Although she's staying on the job, Vega wants to be sure her employees do take their vacations this summer; she's concerned about burnout.

It's understandable that new entrepreneurs find it hard to tear themselves away, especially when a company is quite embryonic. There's no money coming in yet, and there's a lot of prospecting for customers to be done.

Chris Johnson recalled taking just five days off the first year he was in business, having founded Terralever, a Web design company based in Tempe, Ariz. “It was difficult because it was just me,” he said. “Everyone's relying on you.”

Now Johnson has a business partner – and he takes his vacations.

But when the business is up and running fairly well and you still won't take a vacation? You might need to question whether you are a workaholic or a control freak – neither of which is good for you or the company.

And if an owner with employees doesn't feel he or she can trust a second-in-command to run the place when the boss is away, then the question becomes: Do you have the right staffers, and have you trained them properly? That's not just a time-off concern, it also speaks to how well run a company really is.

At Terralever, Johnson said, “we've worked really hard to develop a management team that doesn't require our day-to-day participation.”

Of course, there are some customers and clients who, no matter how good a company's staff is, will want to talk to the CEO. But again, given technology, that shouldn't stop an owner from taking a vacation.

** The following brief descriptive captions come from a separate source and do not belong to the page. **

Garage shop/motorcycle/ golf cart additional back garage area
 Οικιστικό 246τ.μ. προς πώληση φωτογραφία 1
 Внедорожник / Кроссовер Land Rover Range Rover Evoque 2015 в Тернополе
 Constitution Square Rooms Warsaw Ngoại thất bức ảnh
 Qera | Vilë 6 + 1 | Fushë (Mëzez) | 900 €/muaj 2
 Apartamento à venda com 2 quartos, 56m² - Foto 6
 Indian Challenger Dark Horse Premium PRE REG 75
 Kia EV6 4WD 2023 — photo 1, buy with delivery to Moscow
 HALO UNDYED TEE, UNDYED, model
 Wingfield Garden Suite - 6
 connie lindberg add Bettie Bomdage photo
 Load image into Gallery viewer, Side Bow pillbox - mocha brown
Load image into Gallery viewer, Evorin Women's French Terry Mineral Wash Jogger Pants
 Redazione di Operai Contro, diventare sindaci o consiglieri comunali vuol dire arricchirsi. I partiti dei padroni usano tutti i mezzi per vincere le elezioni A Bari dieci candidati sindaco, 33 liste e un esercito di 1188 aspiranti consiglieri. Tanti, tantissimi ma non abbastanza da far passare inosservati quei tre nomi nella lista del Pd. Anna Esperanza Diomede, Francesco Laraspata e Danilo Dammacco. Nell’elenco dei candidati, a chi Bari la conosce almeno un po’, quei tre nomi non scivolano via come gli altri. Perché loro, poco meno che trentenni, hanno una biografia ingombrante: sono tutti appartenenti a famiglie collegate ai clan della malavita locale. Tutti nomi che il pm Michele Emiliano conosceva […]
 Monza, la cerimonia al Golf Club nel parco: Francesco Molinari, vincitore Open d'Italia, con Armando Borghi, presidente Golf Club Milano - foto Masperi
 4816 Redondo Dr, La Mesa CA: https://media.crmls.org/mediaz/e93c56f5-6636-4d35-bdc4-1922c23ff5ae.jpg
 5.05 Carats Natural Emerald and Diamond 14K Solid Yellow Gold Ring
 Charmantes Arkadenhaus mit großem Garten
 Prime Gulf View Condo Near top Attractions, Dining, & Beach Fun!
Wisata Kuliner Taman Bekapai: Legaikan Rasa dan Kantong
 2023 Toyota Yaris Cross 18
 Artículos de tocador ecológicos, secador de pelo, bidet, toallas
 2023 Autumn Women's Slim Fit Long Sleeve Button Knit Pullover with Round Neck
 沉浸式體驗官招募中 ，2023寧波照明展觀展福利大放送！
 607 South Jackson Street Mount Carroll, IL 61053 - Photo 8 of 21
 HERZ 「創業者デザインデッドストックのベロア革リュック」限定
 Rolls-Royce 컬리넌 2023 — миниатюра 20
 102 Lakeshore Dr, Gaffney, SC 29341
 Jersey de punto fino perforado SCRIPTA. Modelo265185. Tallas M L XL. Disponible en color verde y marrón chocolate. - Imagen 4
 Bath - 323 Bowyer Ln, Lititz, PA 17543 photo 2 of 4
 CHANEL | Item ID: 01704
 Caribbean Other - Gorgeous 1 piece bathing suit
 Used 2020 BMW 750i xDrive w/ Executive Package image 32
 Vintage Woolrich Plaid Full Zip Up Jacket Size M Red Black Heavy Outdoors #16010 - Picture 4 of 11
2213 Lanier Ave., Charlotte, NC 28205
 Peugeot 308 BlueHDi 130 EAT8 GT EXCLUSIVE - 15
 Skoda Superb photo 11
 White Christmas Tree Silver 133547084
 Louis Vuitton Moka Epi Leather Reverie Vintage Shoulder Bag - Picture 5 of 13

Ann Stephenson, who owns a public relations firm based in Califon, N.J., takes her vacations, but is often contacted by clients. “If they have a major problem, they want to talk to the CEO,” she said.

But Stephenson noted that it's her choice to work when she's taking time away from the office.

“There are times during those vacations that you do have some freedom – but you feel like you've got to check that e-mail, check that BlackBerry,” she said.